Any information or pointers would be very helpful

Thanks in advance

Regards

NigelC


----------



## Steve Woodward (Sep 4, 2006)

Hi Nigel, 
Cant answer on the Trawler - but I have a fair bit on B class destroyers - will have a look through in the morning, Basilisk H11, was sunk off Dunkirk on the 01st. June 1940 during the BEF evacuation, she was sunk by Stuka dive bombers and is very close to the shore being in just 7 mtrs of water


----------



## Steve Woodward (Sep 4, 2006)

Nigel,
had a look through my libary, I have a book on the B class ships simply named 'destroyer' which is a collection of accounts and stories on the B class ships.
Basilisk was off the beaches off La Panne when she came under air attack at 0815 hrs on the 01st June 1940, nine JU87 Stuka dive bombers dropped approxiamtely 45 bombs on her, six were near misses and another hit her in the engine room, all the engineering and boiler-room staff were killed, severely damaged basilisk was now immobile, HMS Whitehall and the French fishing vessel La Jolie Mascotte tried to tow Basilisk clear of the area but the salvage attempt was unsucessful, at 0945 another attack by a further nine Ju87's was made but no further damage was caused.

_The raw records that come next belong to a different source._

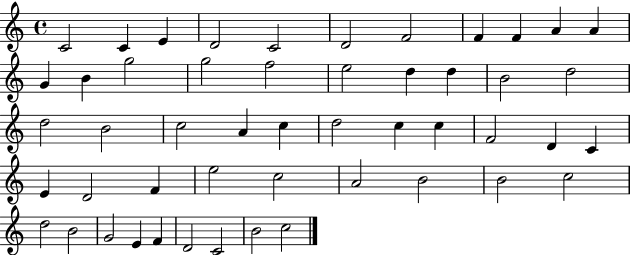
{
  \clef treble
  \time 4/4
  \defaultTimeSignature
  \key c \major
  c'2 c'4 e'4 | d'2 c'2 | d'2 f'2 | f'4 f'4 a'4 a'4 | \break g'4 b'4 g''2 | g''2 f''2 | e''2 d''4 d''4 | b'2 d''2 | \break d''2 b'2 | c''2 a'4 c''4 | d''2 c''4 c''4 | f'2 d'4 c'4 | \break e'4 d'2 f'4 | e''2 c''2 | a'2 b'2 | b'2 c''2 | \break d''2 b'2 | g'2 e'4 f'4 | d'2 c'2 | b'2 c''2 | \break \bar "|."
}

At noon a third attack by JU87's litterally smothered Basilisk under hits and near misses casing her abondonment and subsequent sinking at 1213 hrs. 123 men and eight officers from Basilisk were rescued by La Jolie Mascotte and HMS Whitehead, La Jolie Mascot had 71 men and six officers on board
Basilisk's reported position is 51'08.16N 002'35.06'E in six fathoms (36 feet) of water.

Steve


----------



## nigelcollett (Oct 26, 2005)

Hi Steve

I do have some info on the Basilisk and any more would be appreciated. 
However my prime line of inquiry is concerning the La Jolie Mascotte.

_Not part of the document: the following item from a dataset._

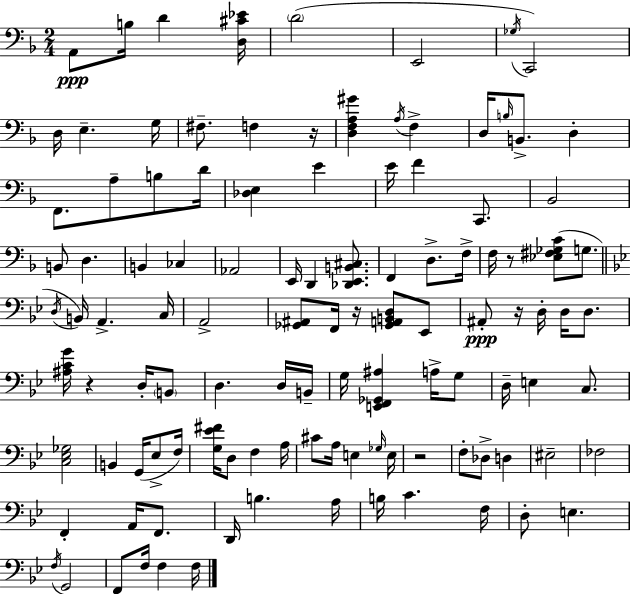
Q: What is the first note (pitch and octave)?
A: A2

I am grateful for any info on either though.

NigelC


----------



## nigelcollett (Oct 26, 2005)

Hi Steve

Many thanks for the info, my last message seemed to cross in the ether. I note that according to your records she was a French fishing vessel, gets more complicated. I does sound however that she was being operated by Naval personnal going on the numbers on board.

Thanks again

NigelC


----------



## Steve Woodward (Sep 4, 2006)

I think she had been requisitioned but can find nothing on her, whatever crew she had they were pretty dire moments, must have been terrifying


----------



## nigelcollett (Oct 26, 2005)

Yes it must have been dire, Im glad I missed that bit of being at sea!

NigelC


----------



## treeve (Nov 15, 2005)

The Jolie Mascotte was of Caen.
See
http://dkepaves.free.fr/html/basilisk.htm (in French)
All the best, Raymond


----------



## nigelcollett (Oct 26, 2005)

Hi Raymond

Thanks for the correction, the loss of "La" helps a lot.

Hope you are keeping well

Best wishes Nigel


----------